--- Exercise data Enclosed Below ---

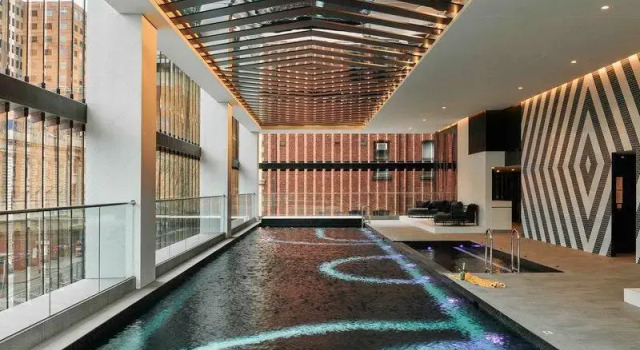Люкс Movenpick Hotel Melbourne On Spencer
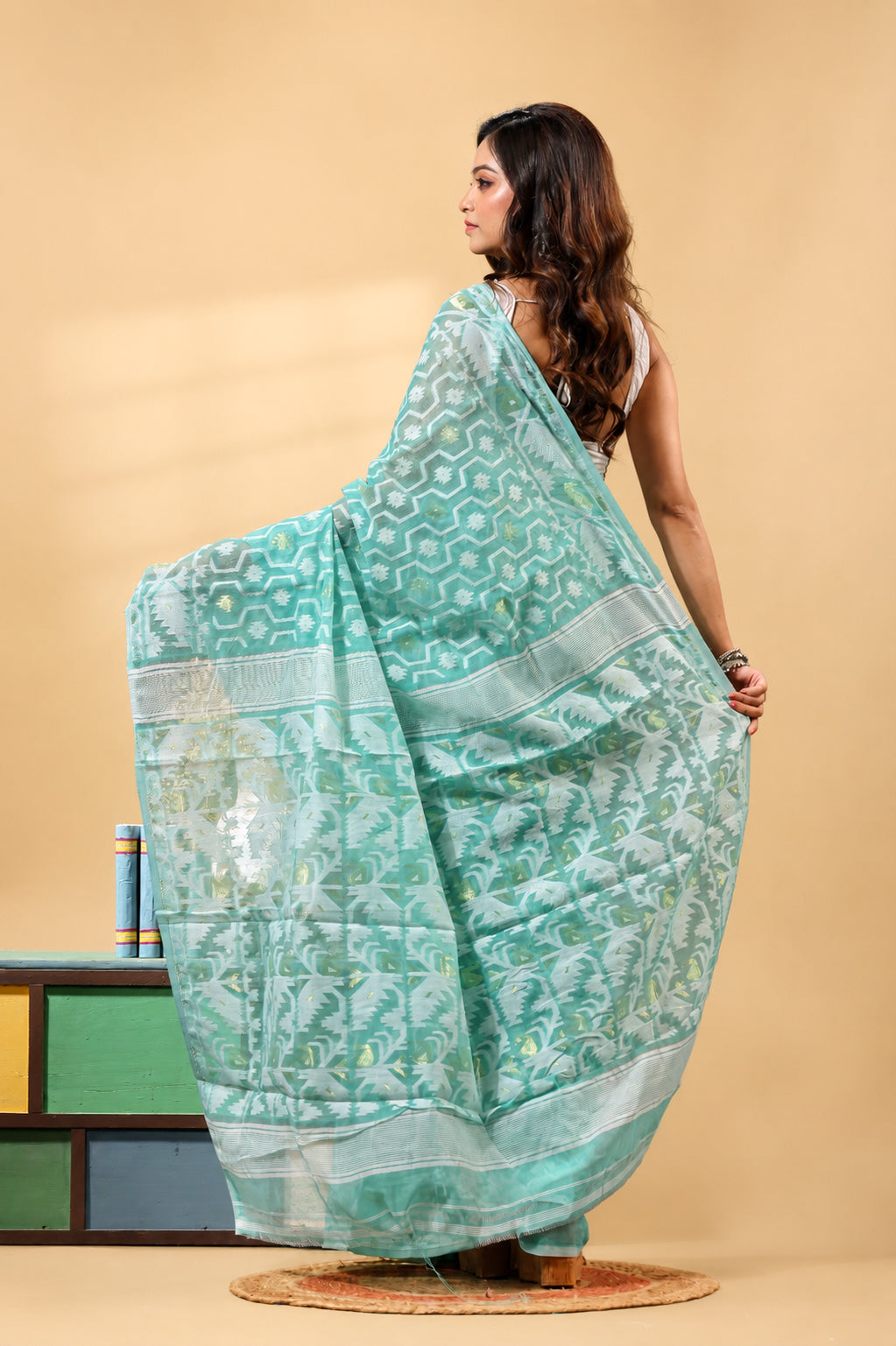Grivana Baby Pink Dhakai Jamdani Bengal Handloom Saree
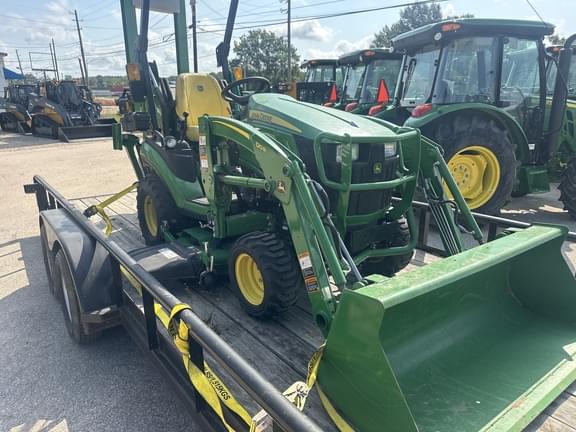 Image of John Deere 1025R equipment image 3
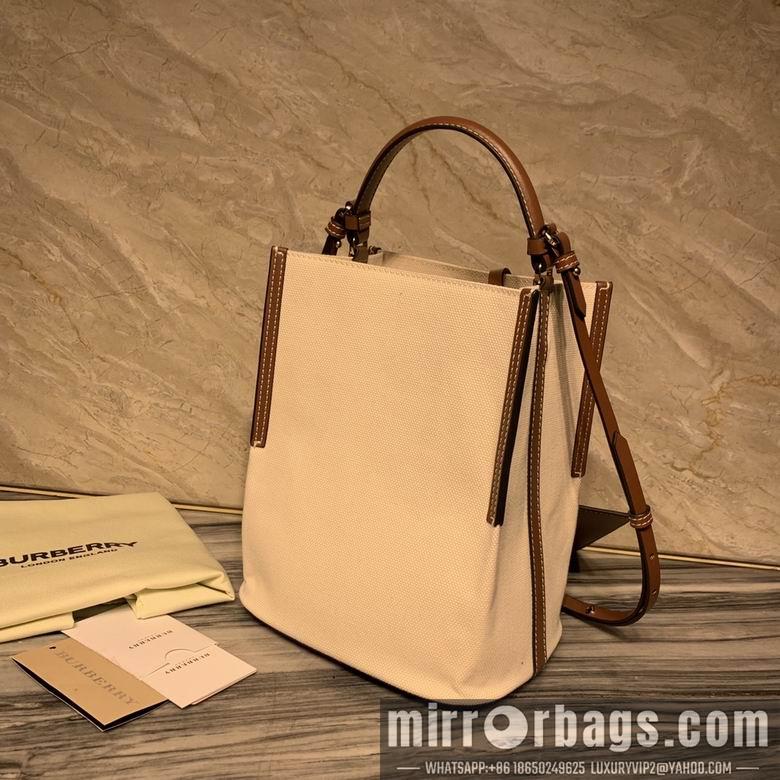 Burberry Bags 8421 21x16.5x25cm YG 1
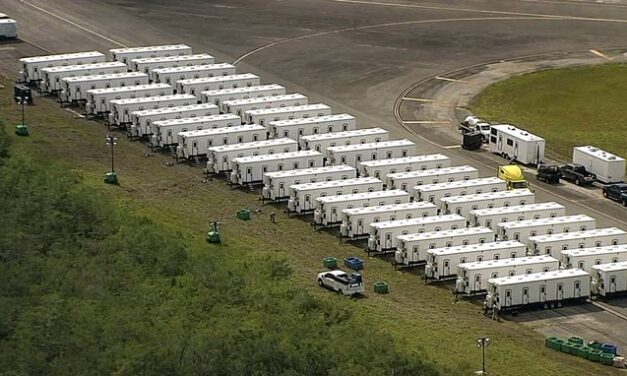 Al rato los hacen botas y cintos; ¡Trump inaugura “Alligator Alcatraz”! Nuevo centro de detención de migrantes en los Everglades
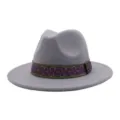 Gros plan détaillé du chapeau fedora en laine grise avec son ruban décoratif violet et or. - 58cm / Gris clair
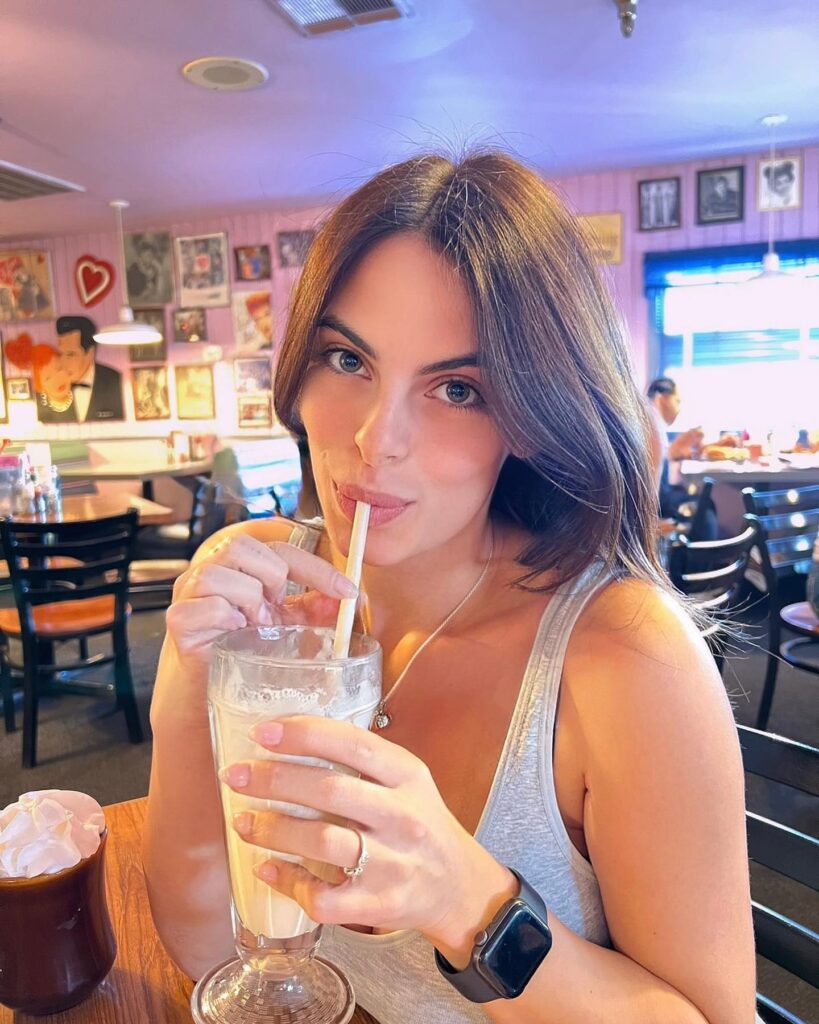 Who Is Alexa Pearl? Age, Career, Height, Education & Net Worth 2026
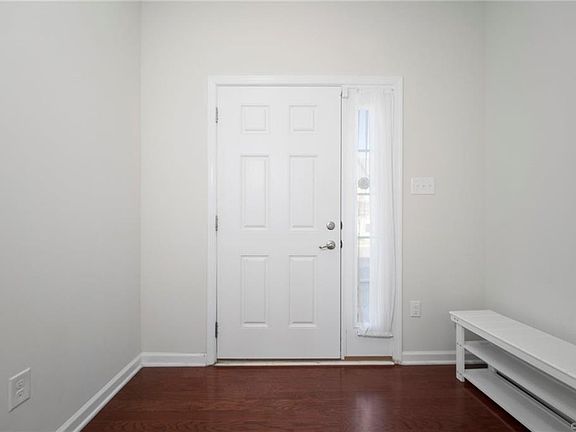 5th image of 8976 Ringview Dr Unit L-c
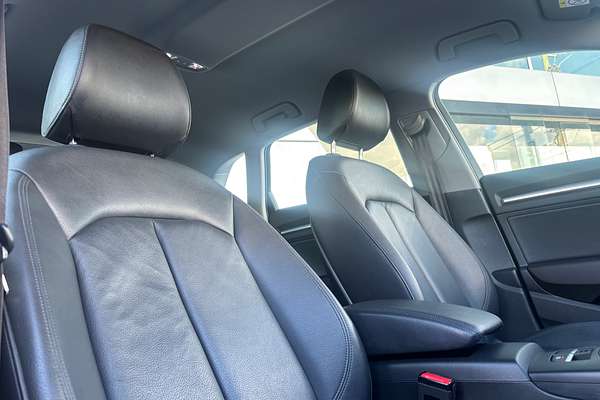 2019 Audi A3 35 TFSI S line plus 8V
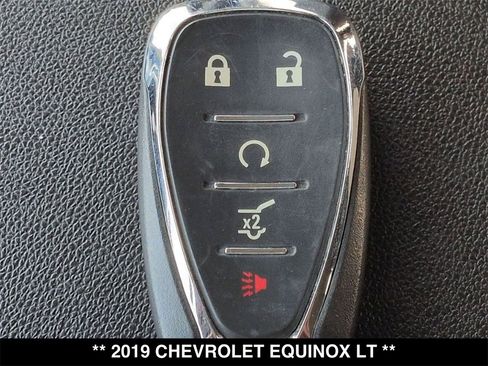 Used 2019 Chevrolet Equinox LT w/ Driver Convenience Package image 27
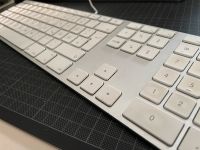 Apple Tastatur, mit Kabel, weiß, Designer Tastatur Hamburg Barmbek - Hamburg Barmbek-Süd  Vorschau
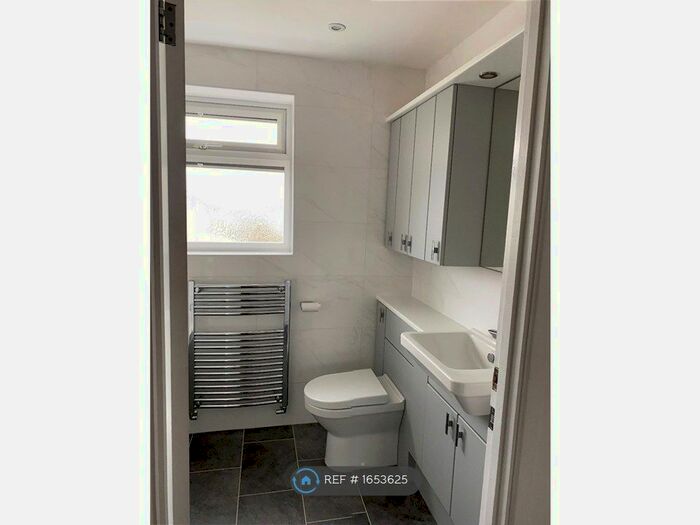 3 Bedroom Terraced House To Rent In Chatcombe, Yate, Bristol, BS37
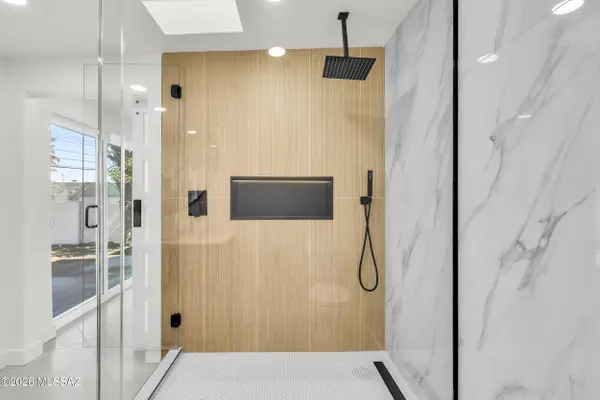 6917 E Calle Bellatrix, Tucson, AZ 85710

--- End of Enclosed Exercise data ---

### Task brief:
The lines to be transcribed are those from the first line of the data above through the line holding "Al rato los", inclusive; copy them exactly and only, leaving out the pictures.

### Solution to the problem:
Люкс Movenpick Hotel Melbourne On Spencer
Grivana Baby Pink Dhakai Jamdani Bengal Handloom Saree
 Image of John Deere 1025R equipment image 3
 Burberry Bags 8421 21x16.5x25cm YG 1
 Al rato los hacen botas y cintos; ¡Trump inaugura “Alligator Alcatraz”! Nuevo centro de detención de migrantes en los Everglades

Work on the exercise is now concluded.